Птичник ощутил спутавшуюся с тревогой заинтересованность. Неужели речь шла о том самом загадочном трупе, от которого все никак не мог избавиться их скверный деревенский надзиратель? Приблизившись, он стал вслушиваться в происходящее по ту сторону более внимательно.
— Одна из твоих птиц здесь. — Сказал мрачно Матиуш. — Сидит на дереве. Почему она не внутри? Чем не угодила тебе?
Окутанные навязчивой дремой серые глаза Птичника в одночасье широко раскрылись, блеснув безудержной тревогой. Он начал быстро сновать взглядом по углам своего убежища, спешно осматривая каждую жердь. Он считал разноцветные головы, слагал, вспоминал отличительные признаки окраса, сопоставлял. Одного голубя действительно недоставало. Пятнистого, с неправильным глазом и пернатыми лапками. Когда он только успел выскользнуть наружу?
— Что ты делаешь с ними? Почему они все такие заспанные? — Доносились с улицы новые вопросы. Несколько шагов, странный шаркающий звук, будто что-то подняли с земли и голос Матиуша, звучащий теперь чуть поодаль. — Я избавлю ее от мучений, ты ведь не против?
— Стой. — Теперь, быстрый и нервный окрик Ламы. — Это неправильно.
Птичник даже не заметил, как выпрямился во весь рост, уткнувшись взглядом широко раскрытых глаз в затворенную на засов дверь. В ушах звенело, руки были сжаты в кулаки, отяжелевшее вмиг сердце с натугой отбивало свой бешеный ритм. Нужно было выйти. Скорей. Он с усилием разжал неподатливые пальцы, ощущая как тело принимается противиться его командам. Неужели опять все это ему лишь бредилось? Растерявшись, он посмотрел на свои ладони. На глубокие борозды линий, что хаотично и неестественно свивались в единую округлую спираль. Почему мерзкое тело его медлит? Почему дает свершиться непоправимому?

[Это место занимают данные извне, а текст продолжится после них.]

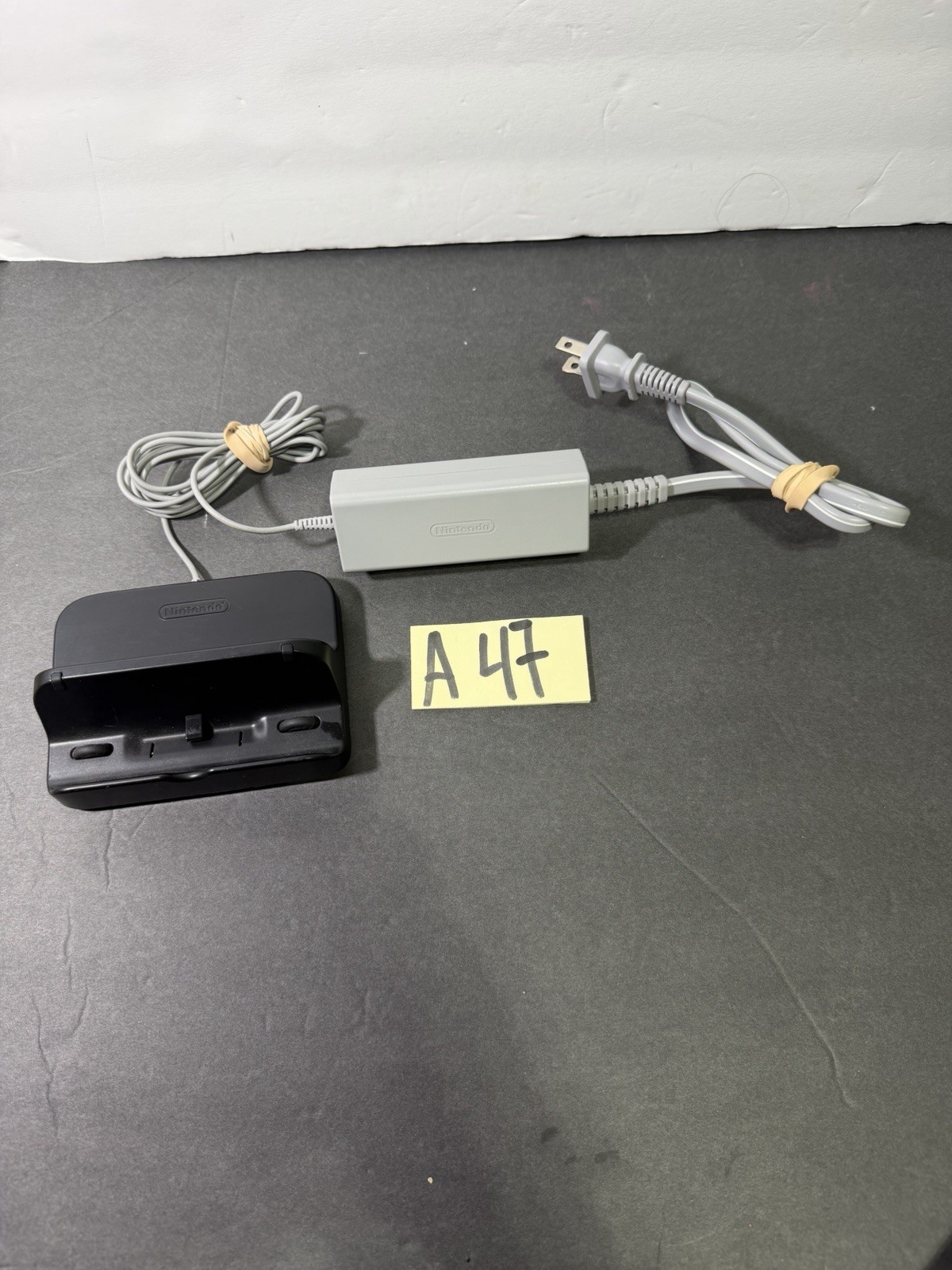 USA SELLER New Wii U GamePad Charge Cradle WUP-014 WITH AC Adapter Power WUP-011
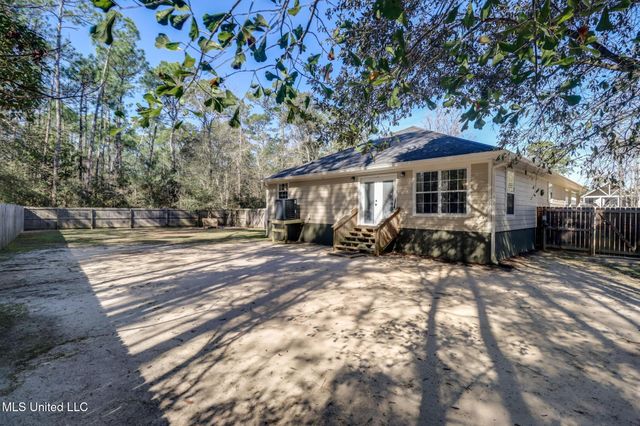 144 Sycamore Drive, Pass Christian, MS 39571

Повисшую на улице тишь вдруг надломил тихий отголосок броска, громкий удар и сотрясающий весь мир кошмарный звук падения чего-то наземь.
Теперь, это точно походило больше на сон. Пол принялся уходить из-под ног, все вокруг виднелось словно наискось. Стало слишком быстрым.
Вырвавшегося на улицу Птичника чуть ли не ослепляет слишком яркий солнечный свет. Запах утреннего тумана и смородины резко ударяет в его нос. Среди бликов он видит три стоящих порознь силуэта — ошарашенная светловолосая Лама что была ближе всего к двери, замерший у клена узколобый Матиуш и находящийся в стороне безмолвствующий Третий, больше похожий на клубок дрожащего черного серпантина с человеческим силуэтом.
Съехавший набок горизонт не желал возвращаться обратно. Напротив, его заметало еще сильней. Дурманивший образами, цветами, запахами и звуками мир вокруг принялся кружиться подобно колесу разогнанной телеги. Птичник видел омерзительные ему лица и расползающиеся черные полосы, клочья серого неба, цветастые флюгеры деревенских домов. Палые желтые листья, ставшие последним ложем для пришибленного камнем пятнистого голубя с неправильным глазом. Птичнику казалось, что нечто внутри него вскрылось в тот момент. Надломилось и разошлось по душе страшной, но такой знакомой ему ветвистой трещиной.
Он помчался на Матиуша, бросился на него, вцепился в одежду и повалил на листву. Ему удалось нанести несколько ударов по ненавистному лицу, прежде чем он услышал и прочувствовал глухой стук. Прежде чем взор его затмила парализующая рябь. Камень, сразивший пятнистого голубя, теперь сотряс и его череп. Птичник быстро опал на землю, чувствуя, как тело вновь предает его. Становится тяжелым, неподатливым, неживым. Вновь он видит перед собой расходящиеся во все стороны трещины кленовых ветвей. Только на этот раз не в облике лунных теней на потолке, а по-настоящему. Въявь. Теперь он лежал на земле, всматриваясь вверх, а ветви перечеркивали собой недосягаемое небо.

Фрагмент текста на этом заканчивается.